Week 3 Assignment

Due Sunday, September 24, 2006

Joey's Pizza Parlor Application

Application Details

The web application allows a customer to create a pizza order online. First time users initiate the setup of their customer account by using their email address as their username and creating a password. The customer account allows them to order a pizza and the customer's order history is retained and accessible to them at any time. Orders are tracked by date and time. The customer can "login" to their account to view the status of their order.

When an order is submitted the customer receives back an estimated time for delivery or pickup and the total cost of the order. At this time, the application does not allow for on-line payment so the customer pays at pickup or delivery.

An email satisfaction survey is sent out for each customer transaction, but limited to one a month per customer (so as not to inundate frequent-flyer pizza eaters.) This application is very important (but not absolutely crucial) to Joey's Pizza Parlor business. It is important because it is a unique offering in the pizza business and customers have come to rely on it, but if the application is down customers can still place an order by calling it in over the phone.

Change-Control Policy

There are 3 types of possible change requests:

  1. Routine
  2. Enhancement
  3. Emergency

The vehicle for documenting and tracking changes is the Change Request Form (CRF) that is stored in a Change Request file.

The vehicle for evaluation and authorization of changes is done thru the Change Management Board (CMB) that consists of the business owner and the 3 developers.

Enhancement and emergency changes need to be identified, submitted to and evaluated by the CMB for authorization, denial, or deferment and tracked on a CRF.

Routine changes do not need to go thru the CMB but need to be documented and tracked on a CRF (routine changes would be database product related additions or deletions and the related application code.) Completion of a routine change is communicated to the CMB thru email.

Enhancement and Emergency change process:

  1. Change request information is documented in the CRF that will be reviewed by the CMB. This form gathers applicable change information such as: Change type, requester, change requirements and specifications, and a cost/schedule/impact analysis.
  2. The CMB reviews the change request and can either approve, deny or defer the change. The decision is documented on the form.
  3. An approved change is assigned to one of the three developers. All change coding will be done according to established best practices (checklist).
    1. If more then one developer is going to work on a project, each codeline will be assigned to a developer.

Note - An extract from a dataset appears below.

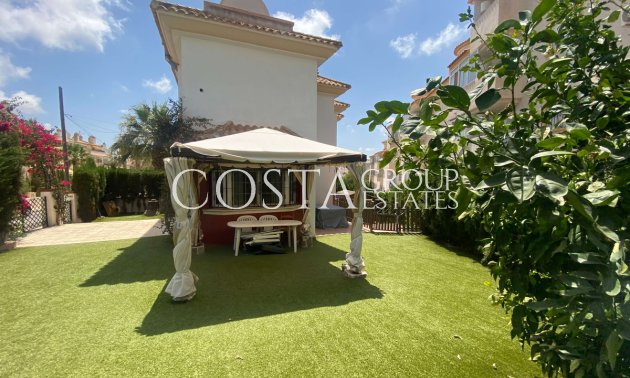 Revente - Villa -
Orihuela - Villamartin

It is important that developers check-in their codeline as soon as it is ready so the developers can integrate their work.
  4. CODE-TEST-REVIEW-DEBUG:
    1. A weekly change status and final change completion notification will be emailed to the CMB.
    2. When the change is completed the date, time and any related comments are noted on the CRF.
    3. Changes will be reviewed and tested by all 3 developers and debugged prior to moving the change to production.
    4. Review, testing and security comments are documented along with date and time that the change is moved to production.
  5. A documented rollback plan and uninstall procedures need to be in place (using the rollback checklist).
  6. Documented procedures are followed to monitor and evaluate performance after an enhancement or emergency change is made.
  7. A denied change is recorded as such with an explanation why.
  8. A deferred change is recorded as such with an explanation why and estimated time for commencement.

Logging and Auditing

The IDS monitoring system for Joey's Pizza is a combination of network based, host based, and application focused monitoring.

The network based IDS monitor sits on the DMZ segment of the firewall and monitors the traffic connection string signatures for protocols other than web (HTTP, HTTPS), SMTP , IPSec, FTP, DNS, etc. The presence of other protocols could indicate the firewall is misconfigured or additional services have been installed or enabled on the server (maliciously or inadvertently).

The host based IDS primary function is to monitor and prevent rogue activity at the operating system level and in the common server applications (HTTP, SQL, etc.) It will monitor the web server system logs (OS events) as well as system calls and program execution to detect attacks on the host OS in real time (IPS). Exploitation of web server vulnerabilities often results in escalation of privileges or Denial of Service.

The application focused monitoring will use the application event logs and database journal logs. Keeping applications patched with the latest security and bug fixes is the best defense. Since the web online ordering application is homegrown, the developers are responsible for secure coding and review of the event logs to correct any problems in their application.

Monitoring, logging and auditing are kept relatively simple at this time. When an on-line payment system is introduced, the IDS/IPS security methods will be increased because the CIA factor becomes more critical.